LeanDojo has the following limitations. Addressing them won’t be our priority in the near future, but we welcome contributions:

  • LeanDojo cannot extract data from the lean4 repo itself nor interact with theorems in it.

  • Currently, LeanDojo cannot process Lean repos that use FFI, e.g., [LeanCopilot](https://github.com/lean-dojo/LeanCopilot).

  • LeanDojo does not support term-based proofs or proofs that mixes tactics and terms.

  • Entering all tactic-style proofs in mathlib 3 to LeanDojo, we found ~1.4% of them are misjudged as incorrect. The errors fall into a few categories documented in test_unexpected_errors.py. We didn’t perform this analysis on Lean 4.

  • Theorems extracted by LeanDojo are “syntactic theorems”, i.e., they are Lean constants defined using keywords theorem or lemma. First, they are not guaranteed to be real theorems (Lean constants of type Prop). Second, theorems defined in other ways (e.g., using def) are not extracted.

  • Tracing mathlib 3 produces buggy IdentNode. Their names start with user__. So you can search for name="user__ in the generated *.trace.xml files. We haven’t figured out the exact reason underlying this bug, but it’s likely to be related to Lean’s parser and mathlib’s alias command.

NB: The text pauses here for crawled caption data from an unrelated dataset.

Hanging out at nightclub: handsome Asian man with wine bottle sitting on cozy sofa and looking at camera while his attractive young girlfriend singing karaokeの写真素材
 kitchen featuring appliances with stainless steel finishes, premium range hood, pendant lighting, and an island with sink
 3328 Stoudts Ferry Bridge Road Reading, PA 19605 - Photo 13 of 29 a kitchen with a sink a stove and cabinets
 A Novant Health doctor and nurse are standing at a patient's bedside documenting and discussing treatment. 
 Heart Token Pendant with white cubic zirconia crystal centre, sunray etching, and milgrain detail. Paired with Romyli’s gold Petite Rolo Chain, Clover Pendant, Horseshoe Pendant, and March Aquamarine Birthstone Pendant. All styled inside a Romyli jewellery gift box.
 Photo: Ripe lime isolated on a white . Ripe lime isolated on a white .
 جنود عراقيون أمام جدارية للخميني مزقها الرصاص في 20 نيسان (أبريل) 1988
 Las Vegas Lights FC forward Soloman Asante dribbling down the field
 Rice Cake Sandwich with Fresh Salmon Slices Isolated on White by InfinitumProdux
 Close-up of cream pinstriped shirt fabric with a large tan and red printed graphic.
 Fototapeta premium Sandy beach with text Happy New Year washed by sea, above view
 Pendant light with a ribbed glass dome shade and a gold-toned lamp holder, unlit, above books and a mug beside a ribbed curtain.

  • We require Lean 3 >= v3.42.1. Otherwise, the modification patch cannot be applied.

  • We have problems tracing a few premises related to quot in Lean 3. See the warnings in this Jupyter notebook.

  • Lean 3 ASTs generated by lean --ast --tsast --tspp have a small number of errors.

Caveats

  • When LeanDojo is killed, it may leave temporary files in the system’s temporary directory (or the directory specified by the TMP_DIR environment variable). It may be necessary to manually clean up these files occasionally.